But the real problem with all of this purposelessness and lack of parental control is the false perception of human nature that is the driving forces behind it. Human beings need constraints to guide our behavior. As it is now, we call our weaknesses strengths. We praise our lack of self-control and restraint and call ourselves "liberated." We talk about the innate goodness of mankind and then fail to make good on our promises. "I promise I’ll love you if you’ll just sleep with me." We elevate predatory sexual behavior calling it "playing the field" and say we are following our animal instincts. I have yet to see an animal mate out of anything but an instinctual drive to procreate. As it is, we have sunk lower than the animals since we don’t even want to discuss that sex is procreative anymore. This is dating. "For although they knew God, they neither glorified him as God nor gave thanks to him, but their foolish hearts were darkened. Although they claimed to be wise, they became fools…."(Romans 1: 21-22)
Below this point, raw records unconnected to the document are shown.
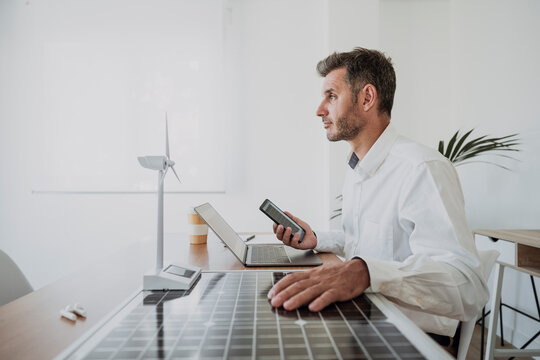 Engineer with hand on solar panel by wind turbine model at desk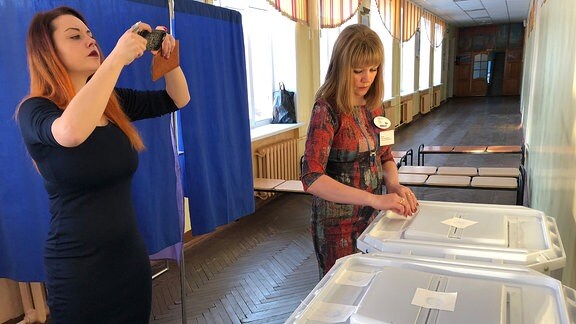 Eine Frau macht mit einem Smartphone ein Foto von Wahlurnen
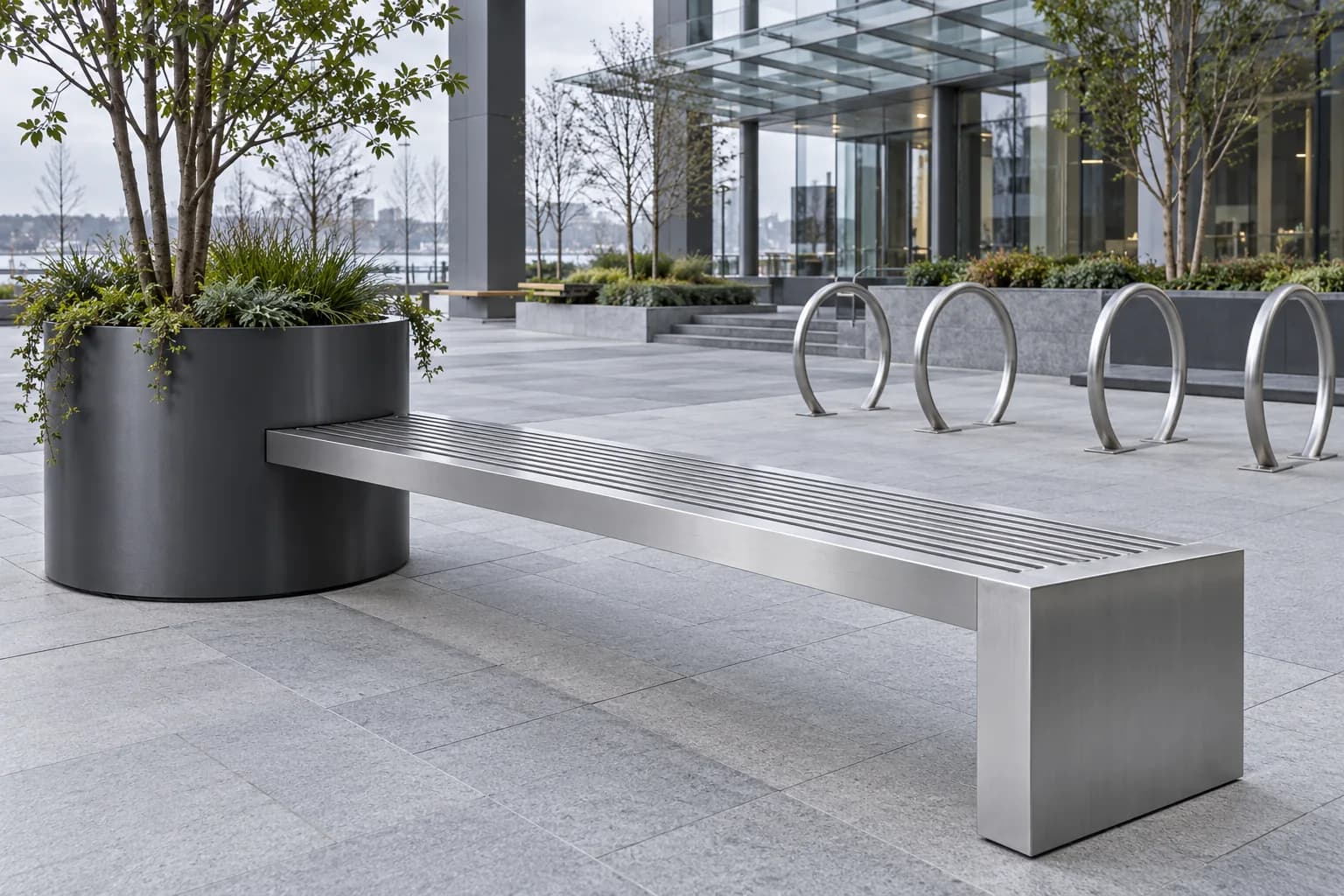Metal seating, a circular planter and bicycle parking loops in a civic courtyard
If I have made any kind of case against our current dating practices, I know that was the easy part. The solution is not necessarily obvious, and our current cultural atmosphere simply does not provide any support for a return to old courtship practices. In the past, these practices were the backbone of any community since it was mostly through courtship that new families were begun to become productive members of a community. This simply is not the norm anymore. But, there have been a few of us, disheartened by current practices that have stopped dating altogether in exchange for abstinence, and courtship, and those that are interested in doing so. Just this past weekend, for the second Sunday in a row, I had a teen girl approach me and express a desire to meet with me and talk about alternatives to dating. Some of my friends have begun to forsake the dating scene for a more respectful and less predatory way of interacting with the opposite sex, and are the happier for it. While the effects of the sexual revolution have been devastating, I am seeing a flicker inside the hearts of many youths that indicate they are beginning to desire something more, something deeper, which is a real cause for hope and rejoicing.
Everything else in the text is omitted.